I’m very excited and proud to announce that Gartner has placed Cisco into the Leaders position in the Magic Quadrant for WAN Optimization. This accomplishment reflects the substantial progress Cisco has made in developing and executing on its vision for the Cisco Intelligent WAN (IWAN) with Cisco Wide Area Application Services (WAAS) over the past three years – a record that clearly demonstrates Cisco’s ability to compete in this space.

Magic Quadrant for WAN Optimization

gartner blog pic

Source: Gartner (March 2015)

The timing couldn’t be better

The analyst research and press coverage tells us loud and clear that the WAN is hotter than ever, and for good reason: mobility, cloud and the digitization of the enterprise are changing how we consume and deliver applications. Even the applications themselves are changing, as we’ve seen with the rise of a whole new class of bandwidth-intensive and latency-sensitive mobile apps and video.

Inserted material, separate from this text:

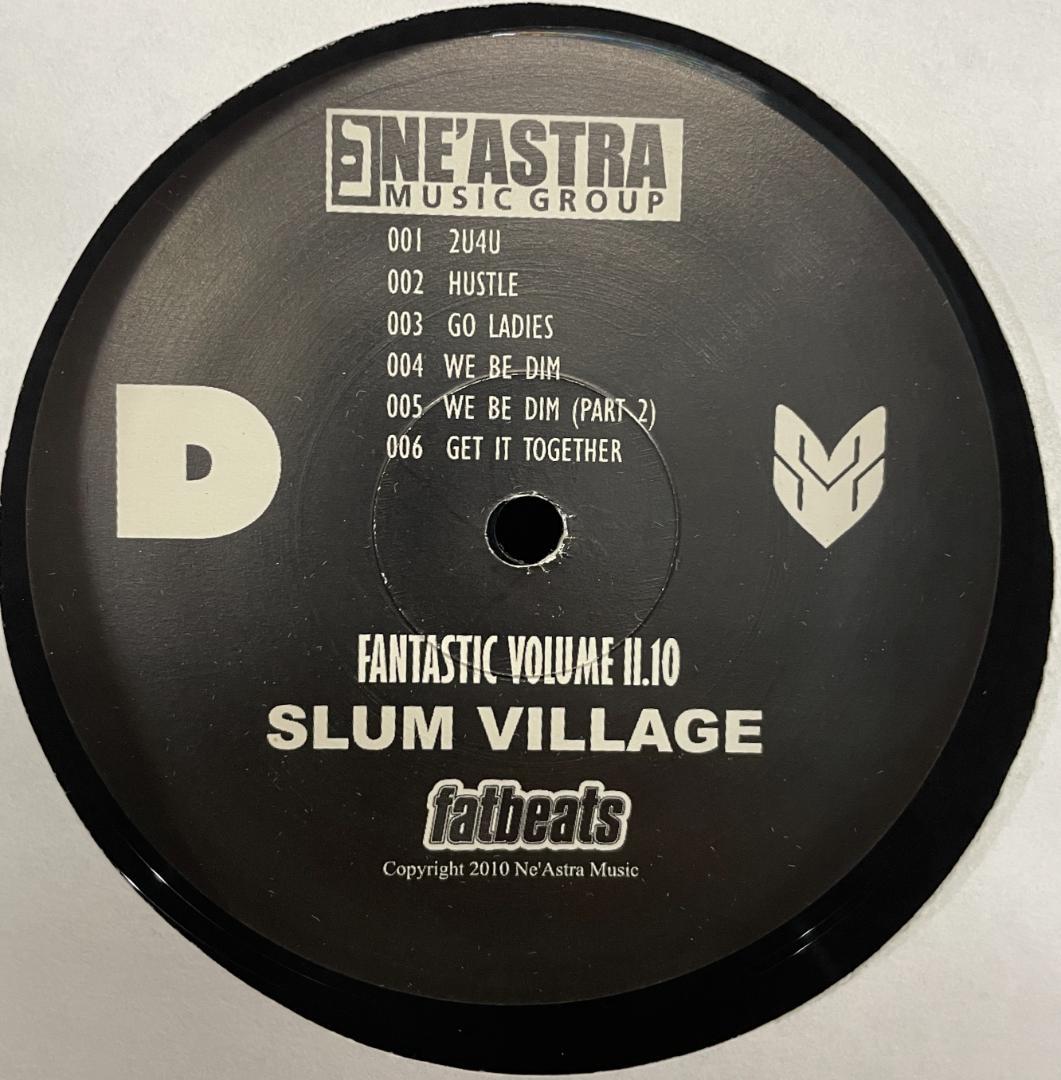 SLUM VILLAGE「FANTASTIC Vol. 2.10」J Dilla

New trends have changed the game for the WAN

At one time, we in the WAN arena focused strictly on how to get packets across a static pipe, quickly and efficiently. Now, that ‘pipe’ is becoming a highly dynamic WAN fabric composed of multiple links. Users and applications are everywhere.  By 2018, Gartner predicts SaaS will become the dominant model for consuming application functionality for approximately 80% of all organizations.[1] And to compound the challenge, the Internet of Things (IoT) is coming to join the party – we estimate up to 50 billion connected things by 2020. Trying to handle these challenges with traditional techniques, tools, and processes just won’t cut it.

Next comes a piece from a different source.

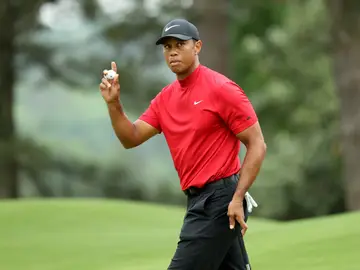 Tiger Woods, durante el Masters de Augusta Tiger Woods, durante el Masters de Augusta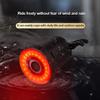 JYYBN Smart Bike Tail Light Ultra Bright, USB Rechargeable Bright Bike Sensing Bike Rear Lights Waterproof Bike Brake Tail Light Fits Any Road Bikes view 4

The next generation of the WAN will need to support a dynamic network, one that shifts from a focus on getting the most out of a single network pipe to one that manages application flows across a sophisticated multi-link WAN fabric to accommodate different applications with different needs accessed on an ever-growing number of mobile devices and connected things.

It’s Not Always About Speed

One analogy I like to use as motivation for an Intelligent WAN is a shipping department. Some packages are urgent and need next day air. Other packages are less urgent, or would cost too much to ship by air, go by ground. In today’s world with all the shipping options that exist, no one would imagine running a shipping department that only had next day air, and yet, that is how most companies have been running their WAN.

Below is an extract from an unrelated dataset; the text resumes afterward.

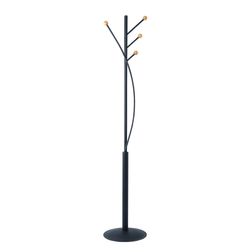 Stumtjener Lindby, sort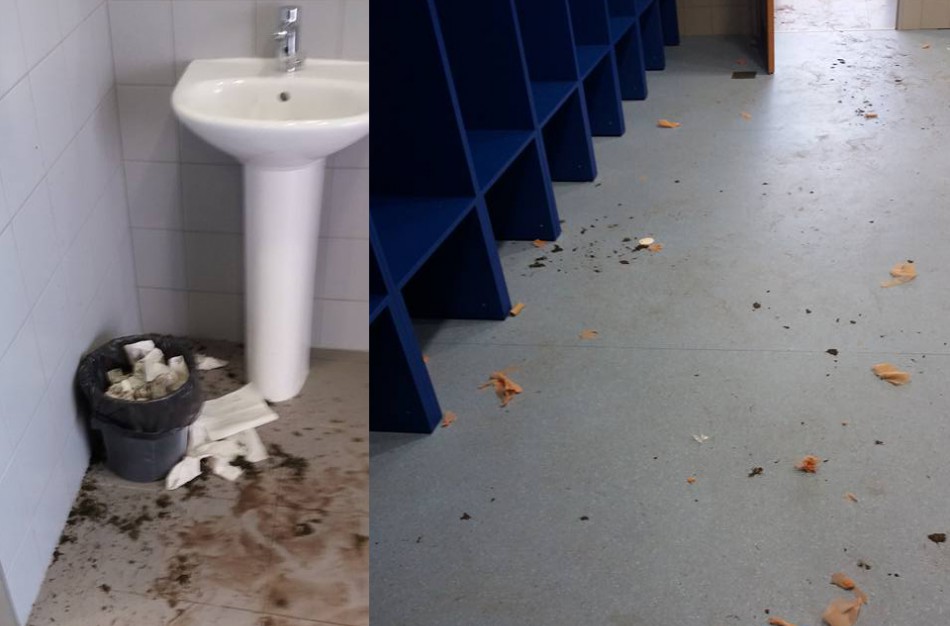 Kauno „Stumbro“ futbolo klubui - sąskaita už Jonavoje sulaužytas spinteles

In reality, it’s even worse.  In addition to every package being next day air, they all get sent back to headquarters before going on to their actual destination, even if it’s just across town from the shipper. Extending this a bit further, you can imagine a service whereby someone is able to get more stuff into the same size shipment (i.e., WAN optimization). Useful and valuable for sure, but what is clearly apparent is that the bigger opportunity lies in moving to a multi-modal transport model, and the same is true for the WAN – a reality echoed in recent guidance from Gartner, who states hybrid will be the new normal for Next Generation Enterprise WANs.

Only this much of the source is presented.